**Stored items from a collection:**
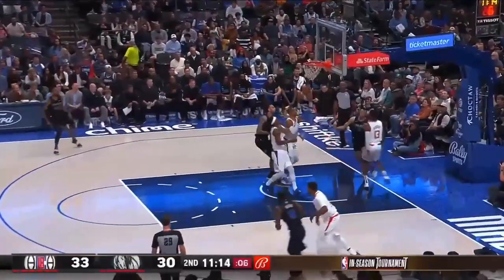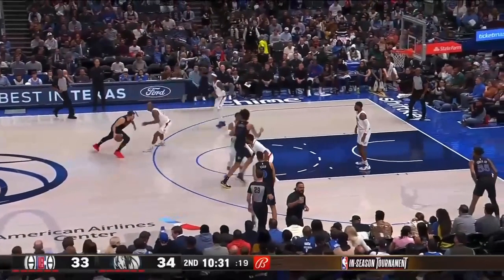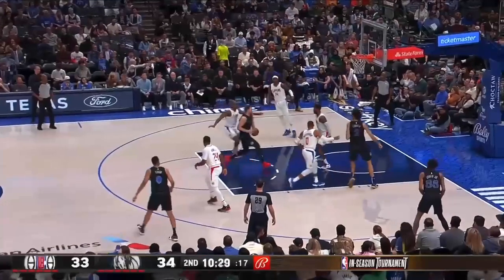If you're Russell Westbrook, as Derek Lively cuts through, I'm keeping my back to the baseline. You're not seeing the ball — your back's to the baseline. I'm right in the gaps right here. Paul George should not be coming into the paint; he should be in the corner right here. But you don't know what's going on with the ball.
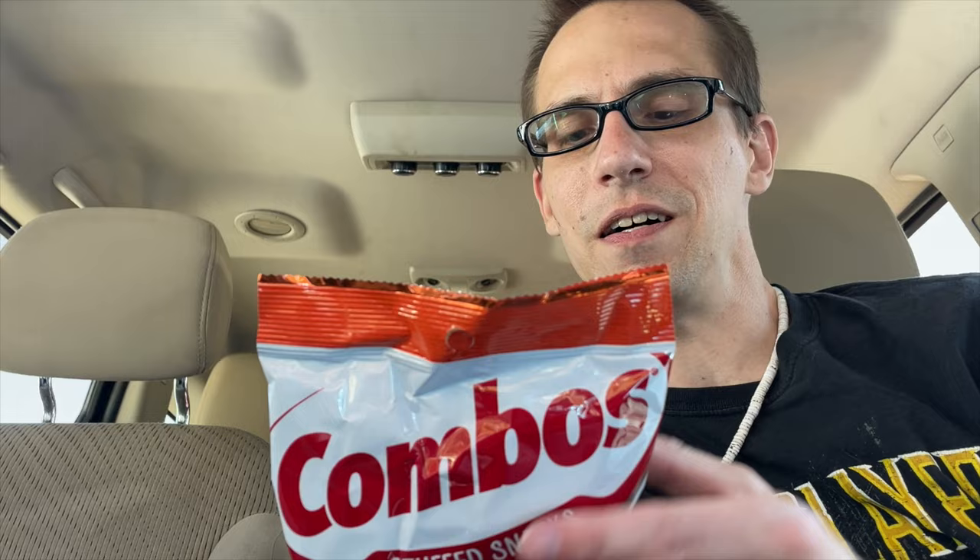Combos is a product by Mars Incorporated. I just filmed a review the other day of another Combos product — their new garlic bread one. I love Combos, especially when I'm on road trips. Combos is always something I associate with eating in the car. I usually go for their pepperoni one, but the cheddar one just sounded really good with the bacon jerky.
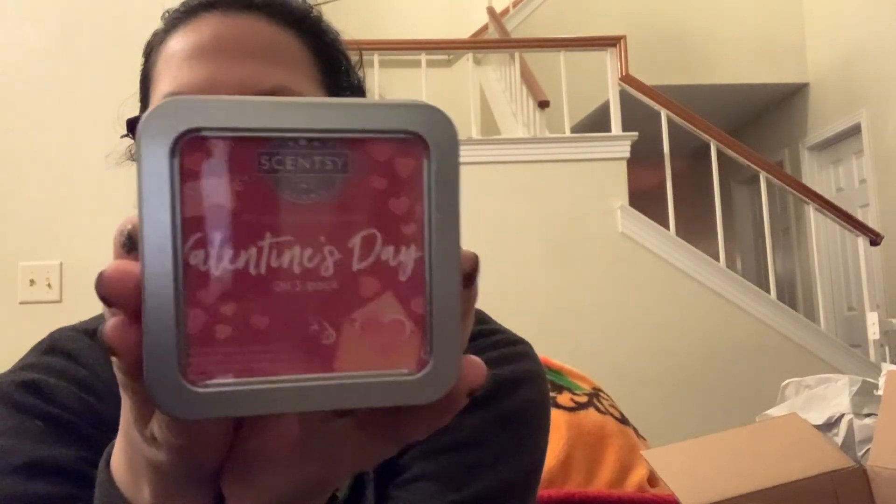That is the oil three-pack as part of the Valentine's Day collection — pretty cute. I hope you all enjoyed. Please leave a comment and let me know what you think of these bars.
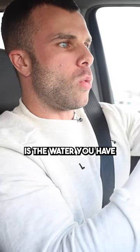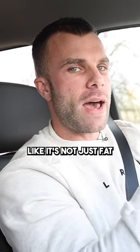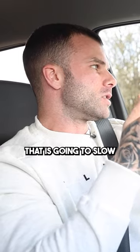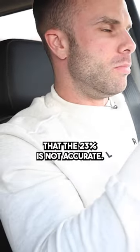The problem with that is the water you have, the glycogen and carbohydrates you have, the sodium you have, muscle tissue — it's not just fat that slows it down. So that isn't totally accurate because there's a lot more that is going to slow that current down than just your body fat, which is why I know that 23% is not accurate.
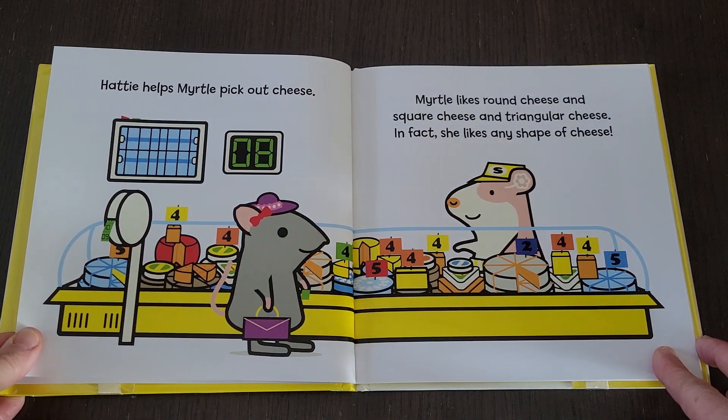Hattie helps Myrtle pick out cheese. Myrtle likes round cheese and square cheese and triangular cheese. In fact, she likes any shape of cheese.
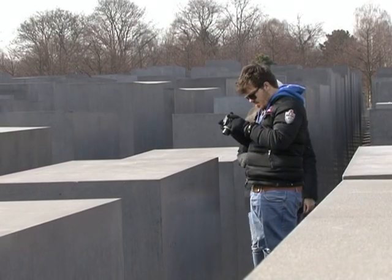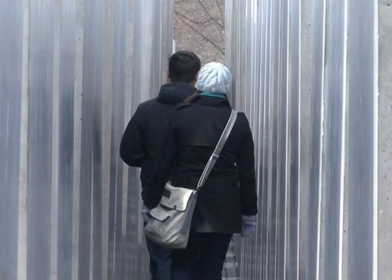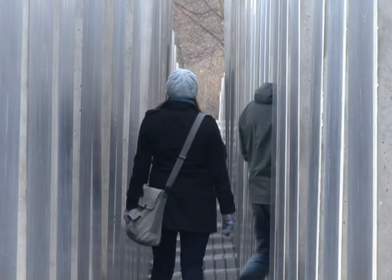Despite these flaws, the memorial still remains popular with tourists. Ten million visitors have wandered through its maze of concrete blocks.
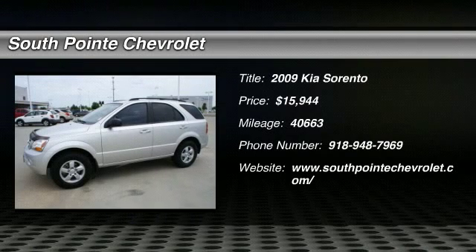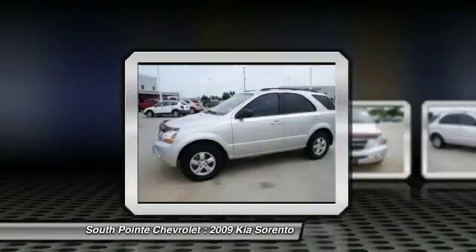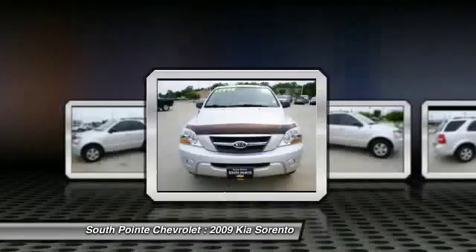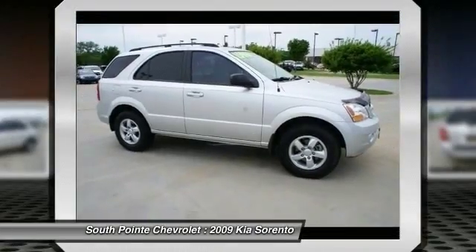The 2009 Sorento. The Kia Sorento is a comfortable riding, powerful compact SUV loaded with impressive standard features. Take one look at its stylish, sleek design and you'll want to cross over to a Sorento, and it is priced below $20,000.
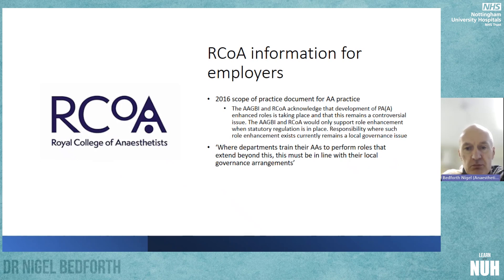The Royal College of Anaesthetists' information for employers is on the college website. They stated in 2016 that they were aware that AAs had been carrying out certain extended roles within individual trusts, and they would only support role enhancement when statutory regulation is in place. GMC statutory regulation is coming at the end of next year. Until then, any enhancement of role is a local governance issue, and departments must ensure extensions beyond initial scope are in line with local governance arrangements.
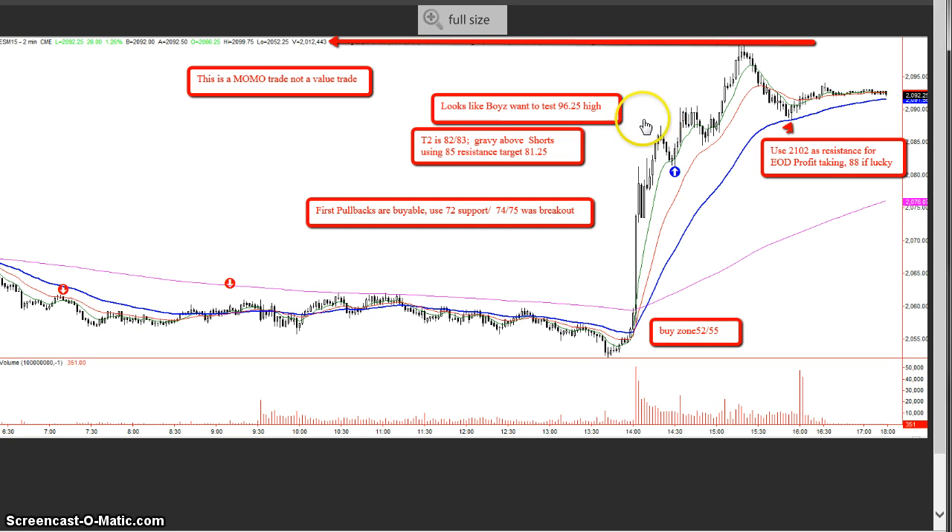First pullbacks are buyable. Targets immediately became the 81 to 82 area with 83 as the T2. 85 was called as resistance — make sure you got paid. And 81 to quarter was where we suggested shorts to take that off. There was an interesting dialogue with a new trader in our room who wanted to know at this point: should I be buying, should I be selling? I said it's hard for me to advise traders — I don't know if you were already participating, whether you've got profits, or if you took advantage of our 52 to 55 buy zone. But theoretically we could go to any high, and if we took out 85, then it would appear the 88 target was next.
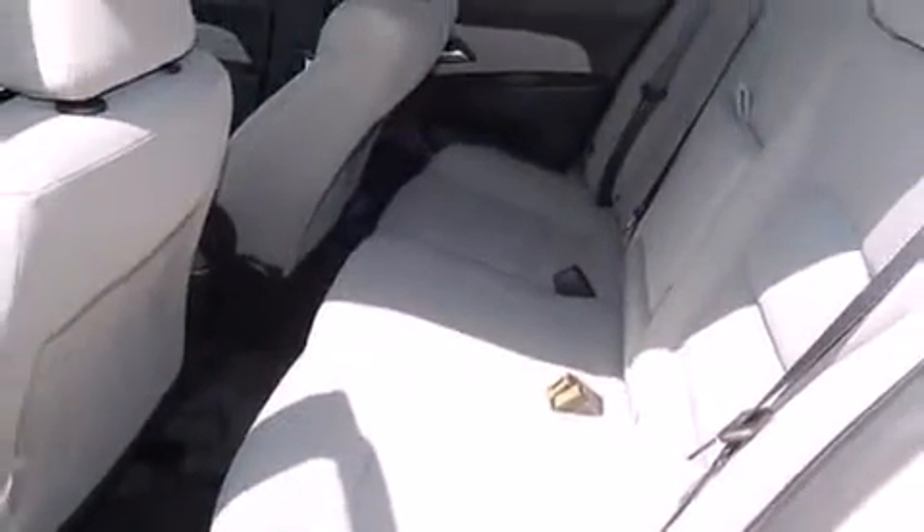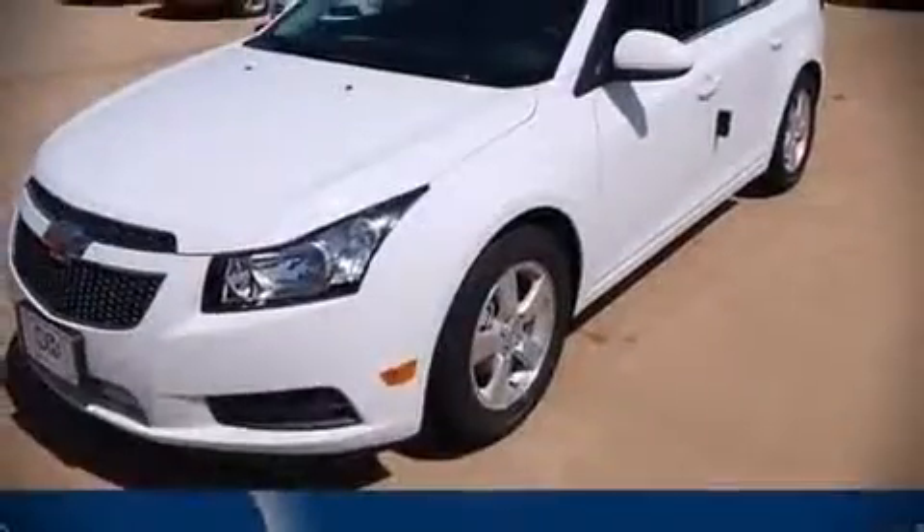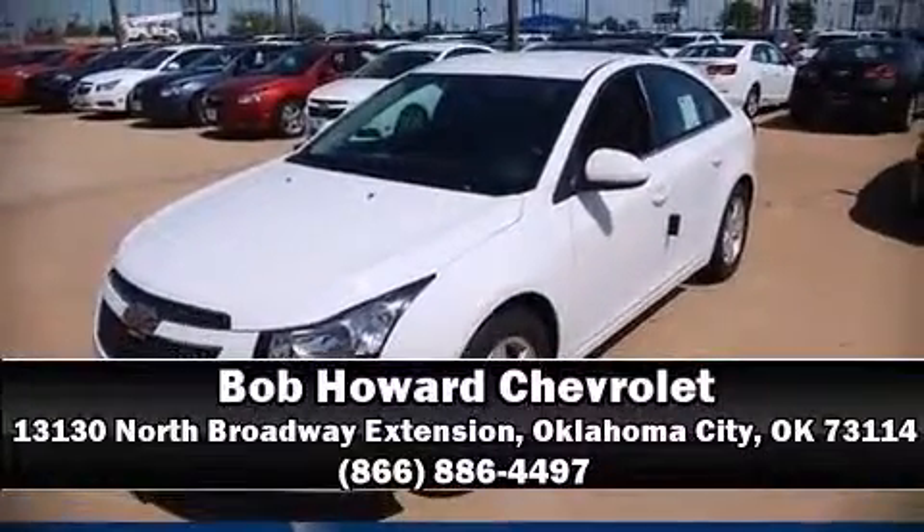Our sales staff will help you find the vehicle that you've been searching for. Please don't hesitate to give us a call. We'll see you next time.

**Your task:**
Copy only the lines running from the one that holds "Hattie helps Myrtle" through the last line of the data, and include both of those lines. Do not copy any pictures.

**Task result:**
Hattie helps Myrtle pick out cheese. Myrtle likes round cheese and square cheese and triangular cheese. In fact, she likes any shape of cheese.
Despite these flaws, the memorial still remains popular with tourists. Ten million visitors have wandered through its maze of concrete blocks.
The 2009 Sorento. The Kia Sorento is a comfortable riding, powerful compact SUV loaded with impressive standard features. Take one look at its stylish, sleek design and you'll want to cross over to a Sorento, and it is priced below $20,000.
The Royal College of Anaesthetists' information for employers is on the college website. They stated in 2016 that they were aware that AAs had been carrying out certain extended roles within individual trusts, and they would only support role enhancement when statutory regulation is in place. GMC statutory regulation is coming at the end of next year. Until then, any enhancement of role is a local governance issue, and departments must ensure extensions beyond initial scope are in line with local governance arrangements.
First pullbacks are buyable. Targets immediately became the 81 to 82 area with 83 as the T2. 85 was called as resistance — make sure you got paid. And 81 to quarter was where we suggested shorts to take that off. There was an interesting dialogue with a new trader in our room who wanted to know at this point: should I be buying, should I be selling? I said it's hard for me to advise traders — I don't know if you were already participating, whether you've got profits, or if you took advantage of our 52 to 55 buy zone. But theoretically we could go to any high, and if we took out 85, then it would appear the 88 target was next.
Our sales staff will help you find the vehicle that you've been searching for. Please don't hesitate to give us a call. We'll see you next time.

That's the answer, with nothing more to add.